So just who does this UX guy think he is..
For many the first encounter with a UX professional was during a web design project. (They were the slightly difficult ones, that ask lots of questions and seem to challenge everything). In this context UX is often used a catch all to cover a number of disciplines such as user research, information architecture, usability, content planning, interaction and interface design. This makes any useful distinction on the role difficult. More often than not it is defined as a stage in the process or worse still by the deliverables, devaluing the perception of the UX professional to a ‘wireframe machine.’
Now don’t get me wrong, it’s largely our own fault. Our tendency to codify, a general air of mystery and endless musings about process, methodologies and our general importance in the mix has probably turned many off.

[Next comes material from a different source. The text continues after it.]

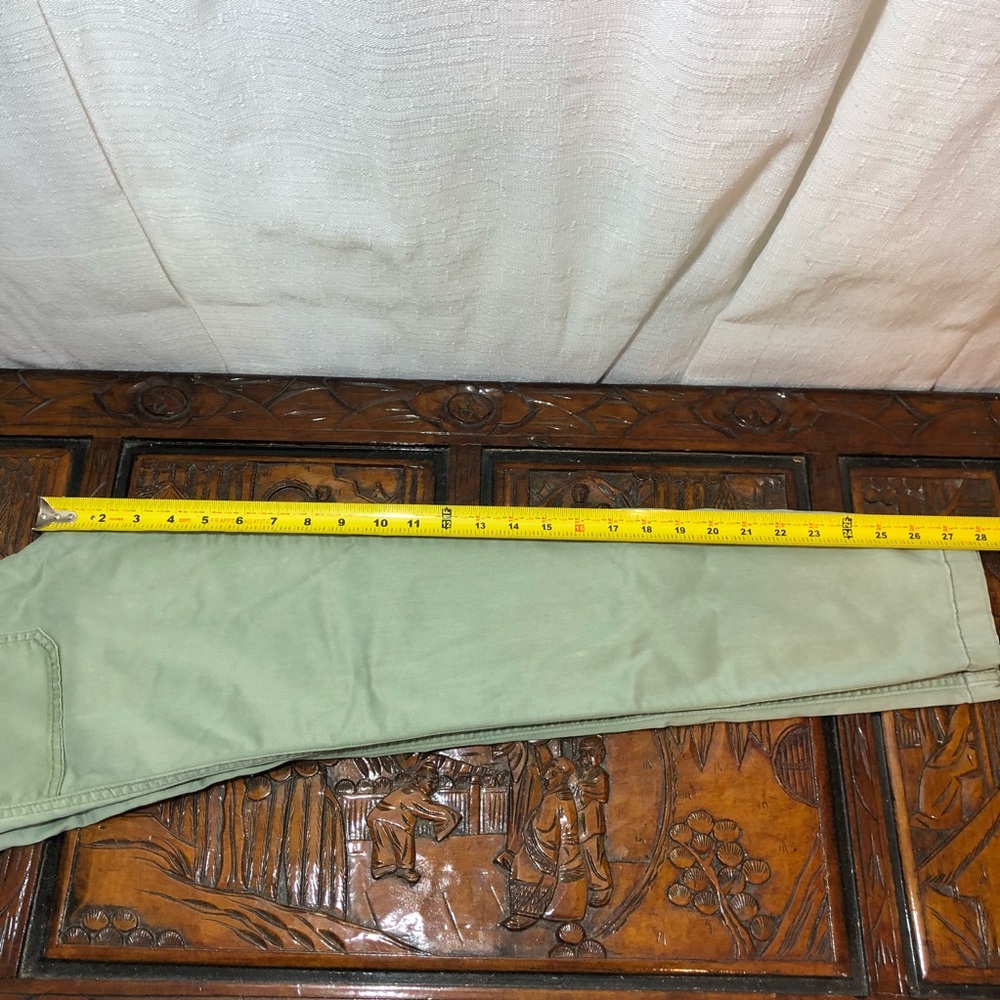 J. Crew cropped Pants - Picture 7 of 7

The worry is that this prevents marketers engaging in the ‘new’ experience design – just when it has the most to offer.
The ‘new’ Experience Design
UX is a digital construct, and as digital continues to dominate the communication landscape the argument is that UX thinking becomes more and more valuable. But is this true?
Digital is no longer just comms – it’s the way we do business, period. The digital experience is a source of competitive advantage, the path to new products and services and the means of building lasting and valued relationships with the market. Against this backdrop a focus on delivering the optimal user experience delivers real and tangible business benefits.

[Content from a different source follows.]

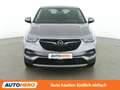 Opel Grandland X 1.6 Plug-in Hybrid INNOVATION Aut. *LED*SPUR*TOT* Grau - thumbnail 9
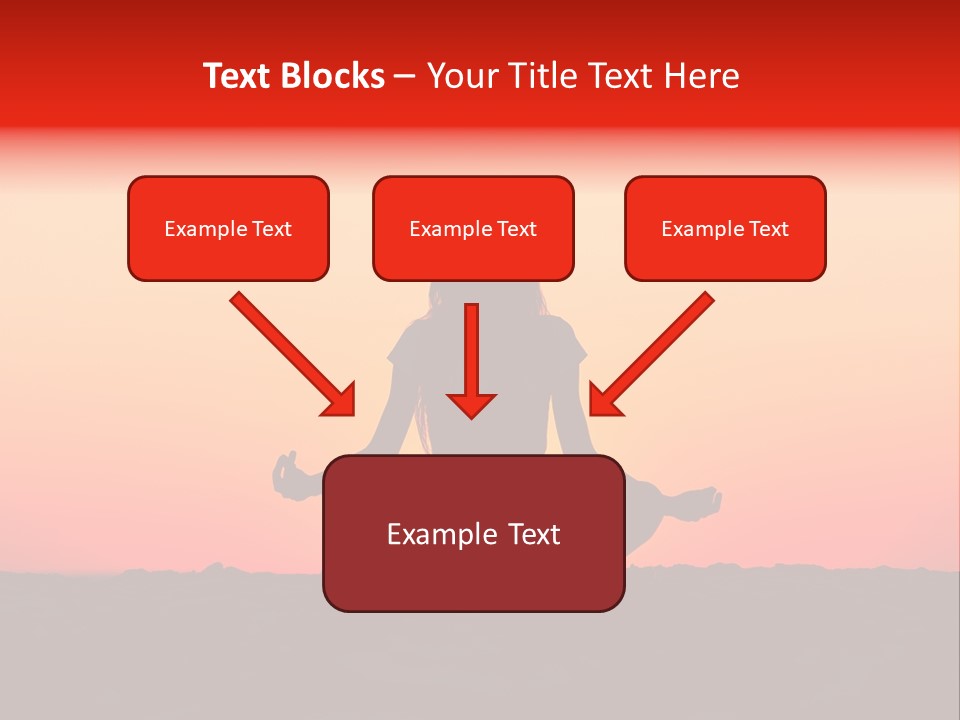 Company Humor Bu Ine PowerPoint Template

Digital is not the web, or mobile, or social. It’s ALL of them, all at the same time. Increasingly the UX job is in designing and adapting the experience between and across multiple channels.
Which brings us to Experience Design. This is NOT a digital construct, but in our digital obsessed world, it relies on the skills, knowledge and experience of the UX professional. Experience Design takes us beyond the digital domain to help shape the experience a user (read customer) has with the brand, product or service at all touch points. Yes, even those in the real-world! And as such it isn’t really anything new.

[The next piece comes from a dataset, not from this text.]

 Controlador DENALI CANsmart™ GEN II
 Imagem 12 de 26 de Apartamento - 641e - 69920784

I’d like to side swerve the semantic definition debate and offer up some of my observations and thoughts about UX and Experience Design and let you make up your own mind.
- You can’t design the user experience
It’s well quoted but true. There is no such thing as THE user experience; every one and every context is different. But we can design for user experience.
- The experience is defined by the user, not the designer
- User Experience is not an optional extra
Your product, service or interface will have one whether you like it or not. The choice is whether it’s good or not.
- Experience is not defined by the deliverables…
Just because the site map, flow and wireframes are done, doesn’t mean the experience design is done.
- …or the process
Waterfall, agile, lean…each have their merits – and pitfalls. Some projects will suit one, others another.
- Experience design isn’t just about designing things
Like a website, an app or social platform but the experiences that join them up.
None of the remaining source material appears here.